[Source records]

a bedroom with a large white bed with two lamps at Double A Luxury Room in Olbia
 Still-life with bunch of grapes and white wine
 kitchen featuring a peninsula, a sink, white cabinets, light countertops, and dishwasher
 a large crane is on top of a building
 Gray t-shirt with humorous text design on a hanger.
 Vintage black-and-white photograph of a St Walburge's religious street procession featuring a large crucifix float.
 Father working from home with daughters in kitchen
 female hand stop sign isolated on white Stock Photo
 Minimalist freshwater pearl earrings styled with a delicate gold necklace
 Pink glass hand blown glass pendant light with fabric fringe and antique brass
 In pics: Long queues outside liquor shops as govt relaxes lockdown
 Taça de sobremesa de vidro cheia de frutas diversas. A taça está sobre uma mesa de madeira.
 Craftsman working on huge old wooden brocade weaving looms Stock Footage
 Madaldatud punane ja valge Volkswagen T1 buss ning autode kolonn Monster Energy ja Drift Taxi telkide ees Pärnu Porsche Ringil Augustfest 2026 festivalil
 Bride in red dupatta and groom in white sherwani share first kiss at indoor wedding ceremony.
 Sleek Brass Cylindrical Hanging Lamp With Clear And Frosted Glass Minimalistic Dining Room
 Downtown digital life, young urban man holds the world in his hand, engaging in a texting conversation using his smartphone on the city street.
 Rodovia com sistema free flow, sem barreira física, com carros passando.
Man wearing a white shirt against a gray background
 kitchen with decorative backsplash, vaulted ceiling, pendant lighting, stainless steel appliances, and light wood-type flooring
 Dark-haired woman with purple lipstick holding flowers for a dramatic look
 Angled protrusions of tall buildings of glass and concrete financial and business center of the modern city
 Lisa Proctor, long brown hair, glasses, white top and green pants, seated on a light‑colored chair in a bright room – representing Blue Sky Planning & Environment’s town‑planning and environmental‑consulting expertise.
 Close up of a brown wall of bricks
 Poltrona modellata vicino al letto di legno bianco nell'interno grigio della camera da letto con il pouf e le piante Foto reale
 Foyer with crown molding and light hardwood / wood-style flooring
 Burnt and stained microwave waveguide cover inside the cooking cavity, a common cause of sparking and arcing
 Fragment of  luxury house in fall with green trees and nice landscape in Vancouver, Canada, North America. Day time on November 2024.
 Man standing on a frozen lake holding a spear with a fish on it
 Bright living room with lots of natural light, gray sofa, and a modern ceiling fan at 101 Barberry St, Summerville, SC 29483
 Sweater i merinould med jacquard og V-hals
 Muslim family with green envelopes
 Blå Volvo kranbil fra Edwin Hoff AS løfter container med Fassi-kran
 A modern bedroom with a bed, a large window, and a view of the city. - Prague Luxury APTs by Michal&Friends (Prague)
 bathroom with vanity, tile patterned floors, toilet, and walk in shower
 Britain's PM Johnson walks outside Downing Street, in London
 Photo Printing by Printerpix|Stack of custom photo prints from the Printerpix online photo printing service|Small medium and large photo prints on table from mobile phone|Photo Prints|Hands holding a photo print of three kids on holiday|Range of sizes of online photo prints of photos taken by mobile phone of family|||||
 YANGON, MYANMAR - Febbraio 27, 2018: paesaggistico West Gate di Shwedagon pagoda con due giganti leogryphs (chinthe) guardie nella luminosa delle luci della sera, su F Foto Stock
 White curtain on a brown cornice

**What the exercise asks**: Search the entries for the word "life", then list each line that holds it.

**Result below**:
 Still-life with bunch of grapes and white wine
 Downtown digital life, young urban man holds the world in his hand, engaging in a texting conversation using his smartphone on the city street.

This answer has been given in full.